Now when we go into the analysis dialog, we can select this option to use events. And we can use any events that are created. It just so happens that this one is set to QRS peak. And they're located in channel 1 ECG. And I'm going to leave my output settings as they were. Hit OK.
○ ○ ○
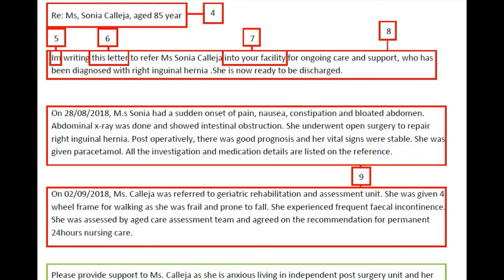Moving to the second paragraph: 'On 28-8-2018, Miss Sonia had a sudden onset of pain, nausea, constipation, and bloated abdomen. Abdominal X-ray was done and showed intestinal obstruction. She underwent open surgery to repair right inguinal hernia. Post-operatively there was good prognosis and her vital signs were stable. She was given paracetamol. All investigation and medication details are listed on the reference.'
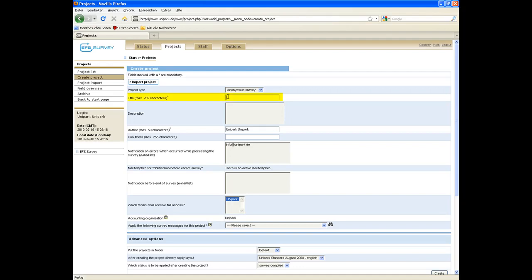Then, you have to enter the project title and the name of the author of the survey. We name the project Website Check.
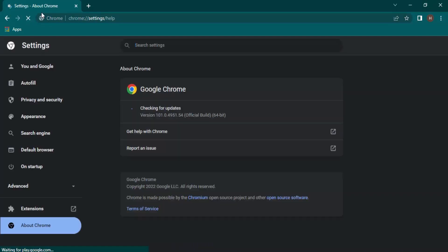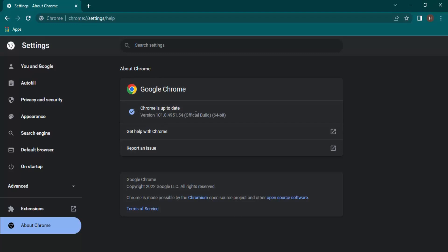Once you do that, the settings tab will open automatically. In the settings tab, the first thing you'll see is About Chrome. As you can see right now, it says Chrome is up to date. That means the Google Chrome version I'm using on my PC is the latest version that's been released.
○ ○ ○
Task requirements
Exercise for the records above: copy only the lines from the one with "Moving to the" to the one with "Once you do", both ends kept, and drop the pictures.

Your response
Moving to the second paragraph: 'On 28-8-2018, Miss Sonia had a sudden onset of pain, nausea, constipation, and bloated abdomen. Abdominal X-ray was done and showed intestinal obstruction. She underwent open surgery to repair right inguinal hernia. Post-operatively there was good prognosis and her vital signs were stable. She was given paracetamol. All investigation and medication details are listed on the reference.'
Then, you have to enter the project title and the name of the author of the survey. We name the project Website Check.
Once you do that, the settings tab will open automatically. In the settings tab, the first thing you'll see is About Chrome. As you can see right now, it says Chrome is up to date. That means the Google Chrome version I'm using on my PC is the latest version that's been released.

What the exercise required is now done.